- CD32 box art
- Developer(s): Bloodhouse Housemarque (MS-DOS)
- Publisher(s): Team17 GameTek (MS-DOS)
- Series: Stardust
- Platform(s): Amiga, CD32, MS-DOS
- Release: Amiga 1994 CD32EU: 1995; MS-DOS 1996
- Genre(s): Multidirectional shooter
- Mode(s): Single-player, multiplayer

= Super Stardust =

1994 video game

Super Stardust is a multidirectional shooter video game developed by Bloodhouse and published by Team 17 for the Amiga (AGA) in 1994 and CD32 in 1995. The game was ranked the 26th best game of all time by Amiga Power.

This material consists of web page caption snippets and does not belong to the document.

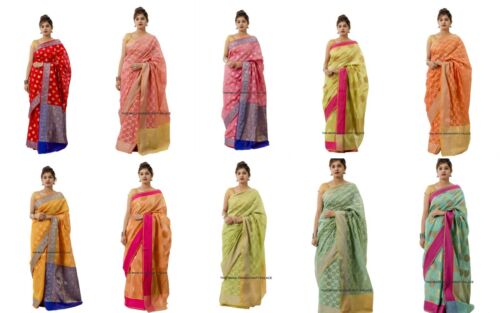 Bollywood Indian Wedding Style Saree Banarasi Art Silk Sari Party Wear Dress - Bild 1 von 67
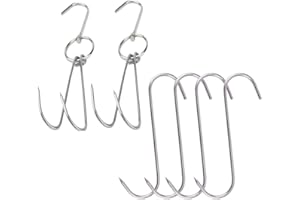 GRIZEF 2pcs 10inch Stainless Steel Roast Duck Double Meat Hooks + 4pcs 5 inch S-Hooks for Bacon Hams Meat Processing Butcher Hook Hanging Drying BBQ Grill Cooking Smoker Hook Tool （6pcs）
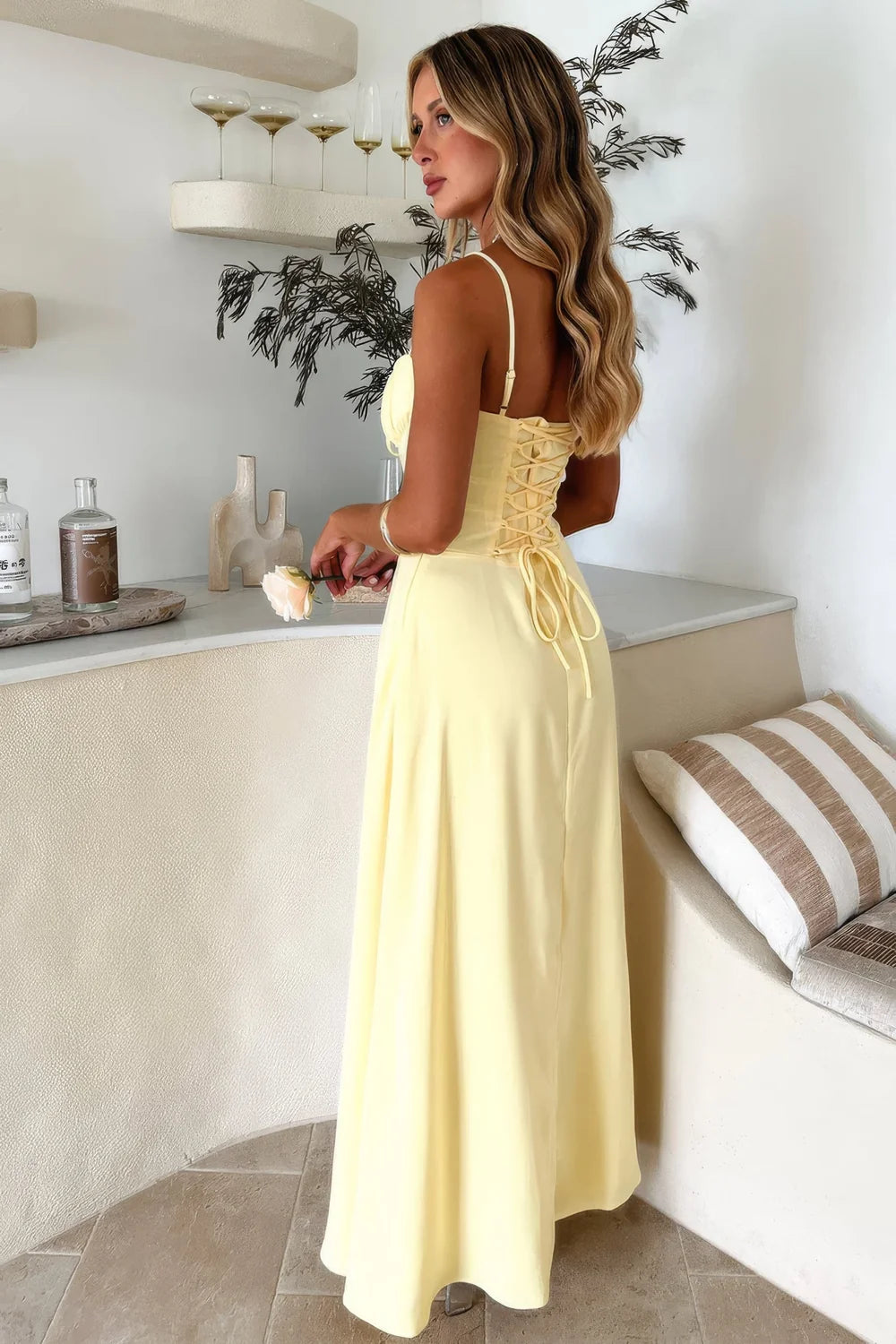 Black Corset Maxi Dress Sweetheart Tie view 6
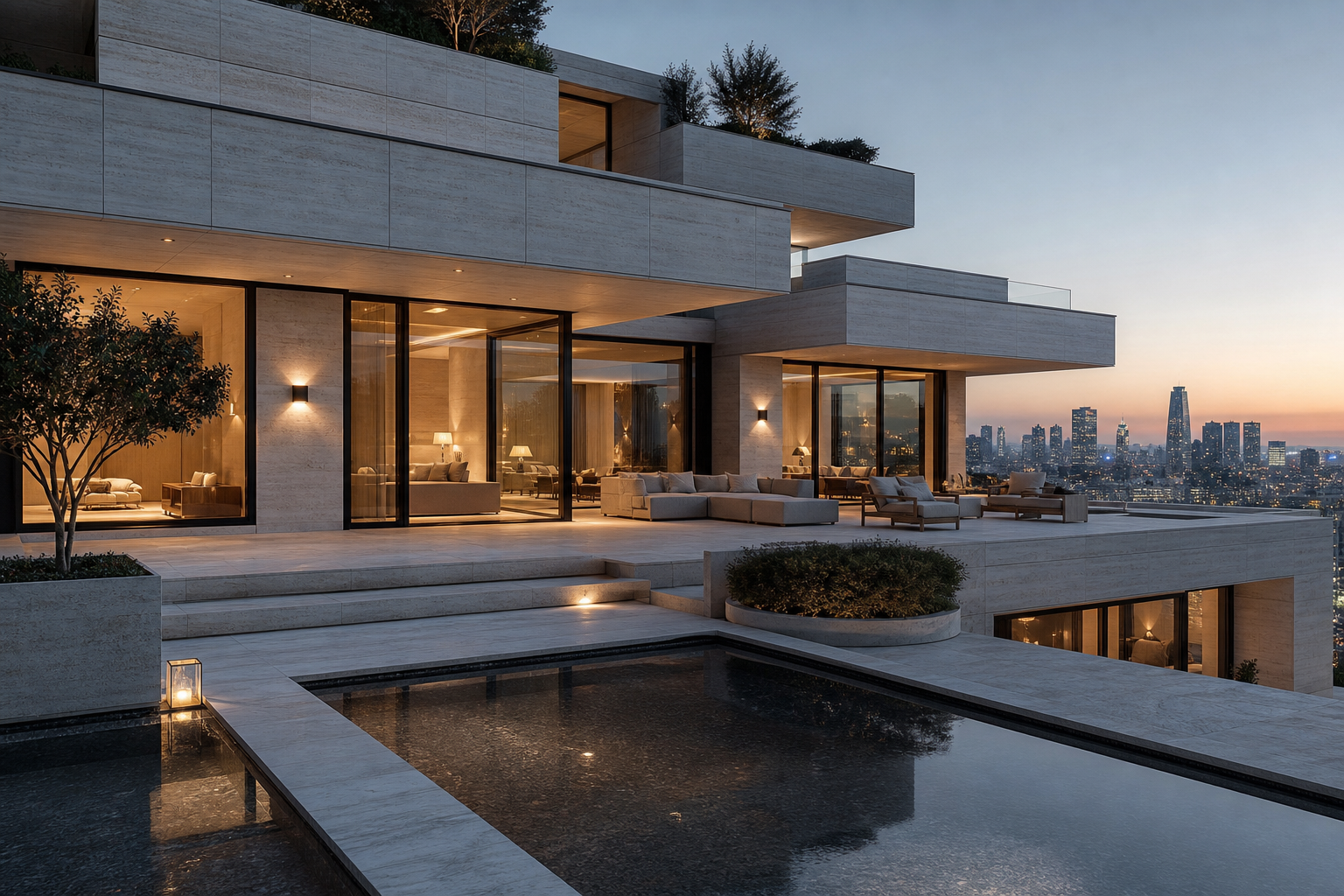 Limestone-clad residence with a stepped terrace and reflective pool at dusk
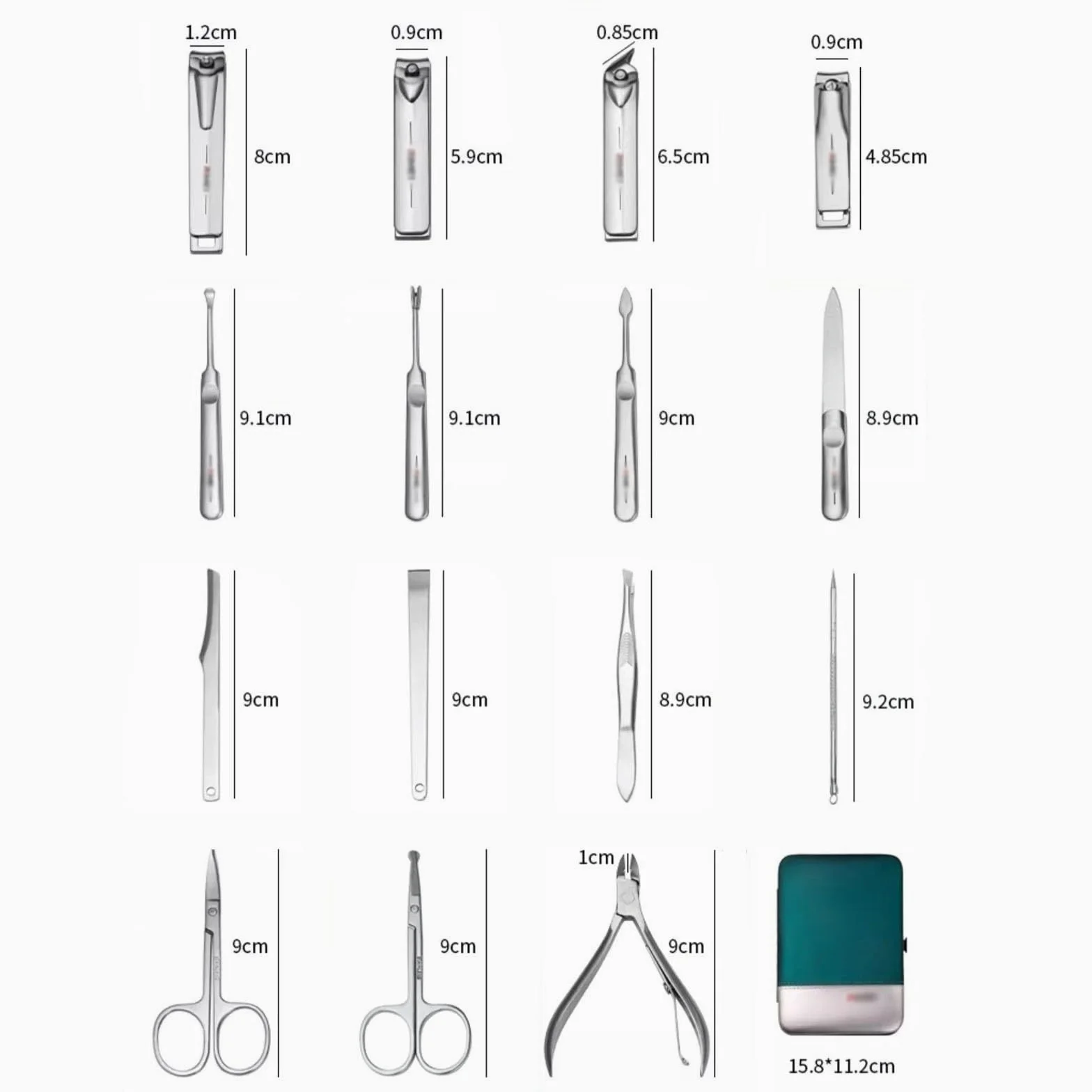 15-teiliges professionelles Nagelknipser-Set, Maniküre-Set mit tragbarer Ledertasche, Edelstahl- und Pediküre-Set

The CD32 version featured CD-DA soundtracks composed by Nicklas Renqvist and Niko Nyman (Slusnik Luna). The game was ported to PC under the name Super Stardust '96. Super Stardust is a sequel to Stardust. An enhanced remake, entitled Super Stardust HD, was released in 2007 for the PlayStation 3 and in 2008 for the PlayStation Portable and is available to download from the European and US PlayStation Store. The next sequel, Super Stardust Delta, was released for the PlayStation Vita.

==Reception==
A Next Generation reviewer gave it one out of five stars, chiefly criticizing its nature as an Asteroids clone, but gave positive remarks regarding its graphics, music, and the power-ups.

Amiga Format rated the game 90%, praising its graphics and gameplay.